A lot has been written in the HPC field about how it doesn’t matter how many cores you have in a processor if you can’t keep them busy. Well, I will pile on with my own proof point and opinion. One of the key factors to keeping the processor cores busy is how fast you can move data in and out of cores. In some cases, customers maximize total application performance by optimizing around performance per core. This also often results in extracting the best performance return on your application licensing costs (if you happen to be licensing your application on a per core, process, or software token basis). The performance per core optimization occurs by turning some cores in the processor and thus allowing the remaining active cores more memory bandwidth-- spreading your workload among more processor sockets or servers while keeping the number of cores constant. So why would you turn off cores in one of the best processor in the market today?
Consider the Nehalem-EP processor example running a memory bandwidth intensive energy application (refer to Fig). The base case scenario (relative elapsed time = 1.0) corresponds to running the application on 2 dual socket processors servers using all cores active (4 cores per processor). Now, moving to the right, 4 dual socket processor servers using only 2 of 4 cores active per processor, maintaining the number of total cores constant, resulted roughly in a 30% improvement in application elapsed time. In other words, moving from 2 two sockets servers with all cores active per processor to 4 two sockets servers with half cores active per processor resulted in a about 30% improvement in application performance.

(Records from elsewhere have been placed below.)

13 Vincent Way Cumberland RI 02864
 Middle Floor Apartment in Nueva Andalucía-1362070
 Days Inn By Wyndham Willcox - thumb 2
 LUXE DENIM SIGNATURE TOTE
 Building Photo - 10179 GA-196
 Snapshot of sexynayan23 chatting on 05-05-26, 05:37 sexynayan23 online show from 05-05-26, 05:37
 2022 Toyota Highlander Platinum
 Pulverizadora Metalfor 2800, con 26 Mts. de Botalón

If you license software costs are on a per core or process basis, then you just used the same number of total software resources while achieving 30% faster results. Results might vary on your application, but there a number of applications in the Energy and CAE field would exhibit this type of scaling behavior.
With upcoming multi-core products in the horizon from not just Intel, it is important to keep in mind what HPC folks have known all along, it is about optimal balance of performance and I would further add to this: extracting the maximum performance out of your software licensing costs. With the Intel® Xeon® processor 5500 series (Nehalem-EP) in the market today and upcoming Westmere-EP processor, we aim to give HPC users just that.